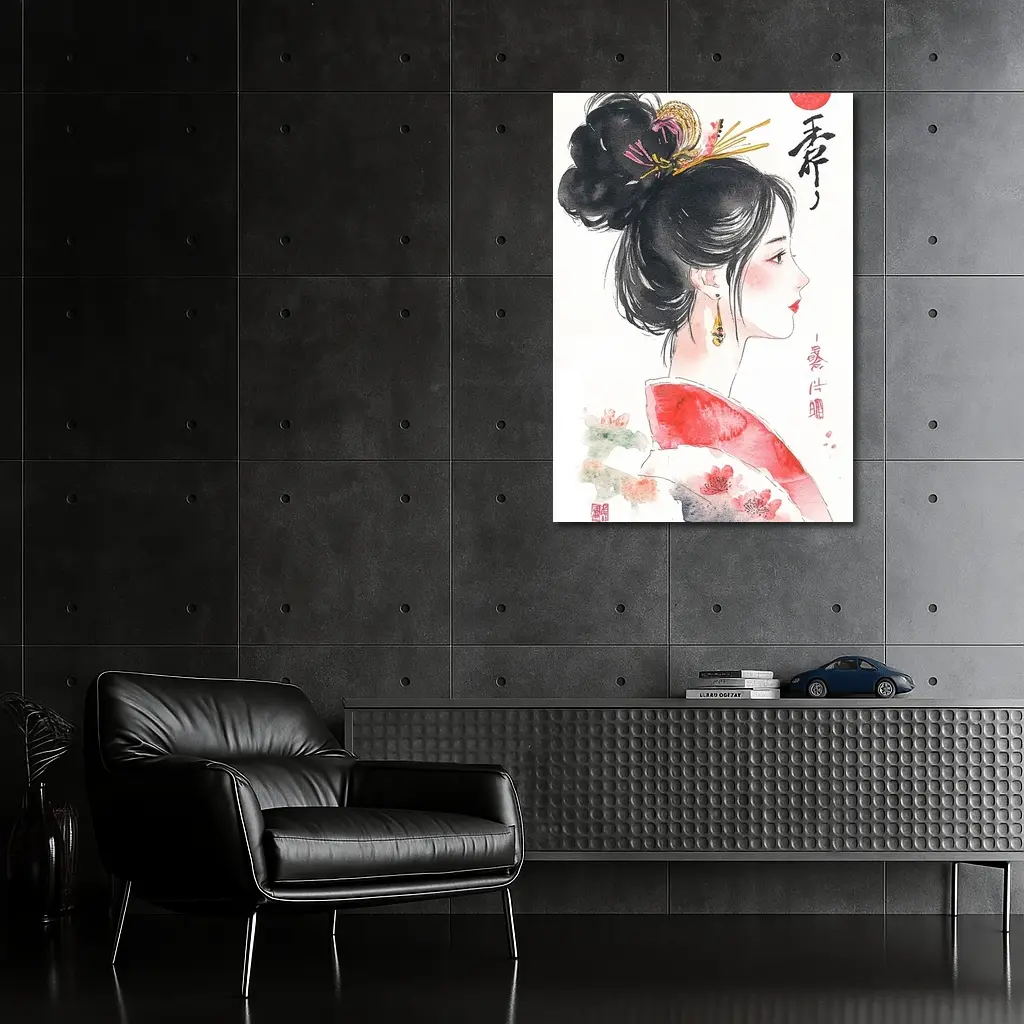 Japanese Ink Painting Woman Profile Red Sun – Wall Art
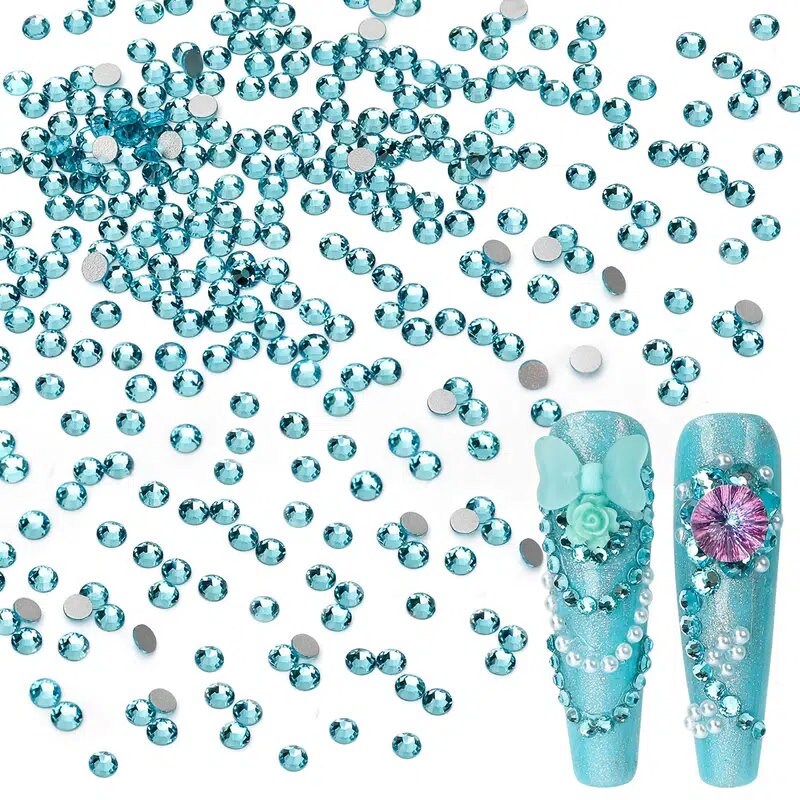 2080 Pcs Blue Nail Rhinestones Nail Art Charms Nail Small Glitter Gems For Nail Art Decorations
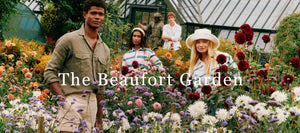 Home page top banner, The Beaufort Garden,  new in spring styles featuring models in garden wearing Beaufort clothing
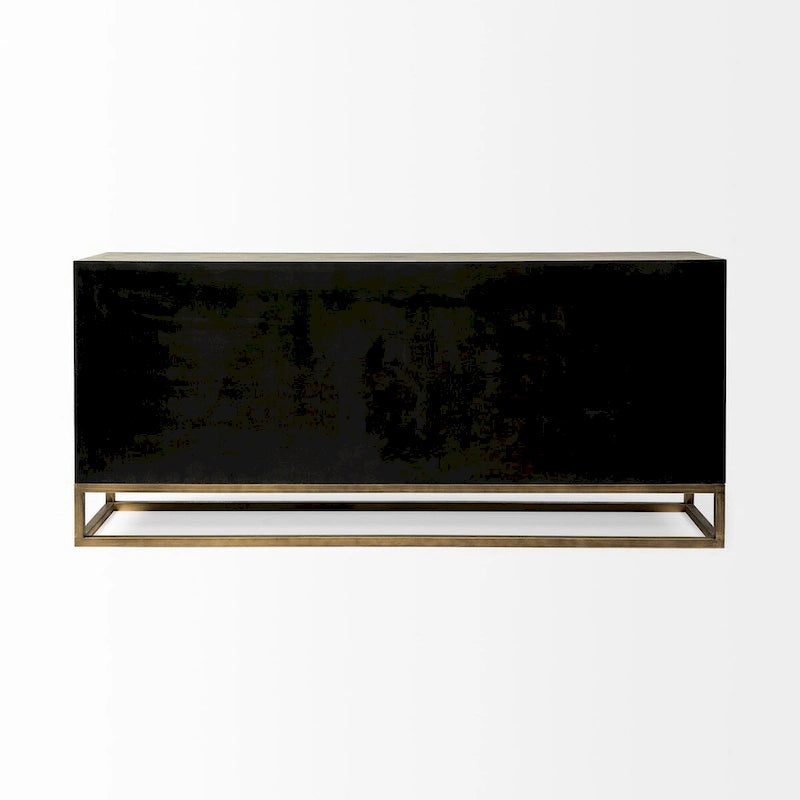 Genevieve II Gray Fir Veneer w/Gold Metal Frame Base 9 Drawer Sideboard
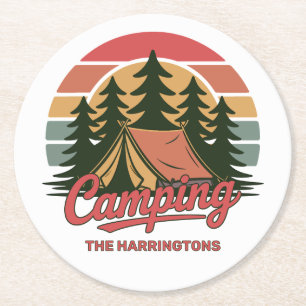 Custom Name Camping Round Paper Coaster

**What you are asked to do**. Wherever an image sits in the data, omit it; everything else must be copied exactly.

**Solution to the problem**.
 Japanese Ink Painting Woman Profile Red Sun – Wall Art
 2080 Pcs Blue Nail Rhinestones Nail Art Charms Nail Small Glitter Gems For Nail Art Decorations
 Home page top banner, The Beaufort Garden,  new in spring styles featuring models in garden wearing Beaufort clothing
 Genevieve II Gray Fir Veneer w/Gold Metal Frame Base 9 Drawer Sideboard
 Custom Name Camping Round Paper Coaster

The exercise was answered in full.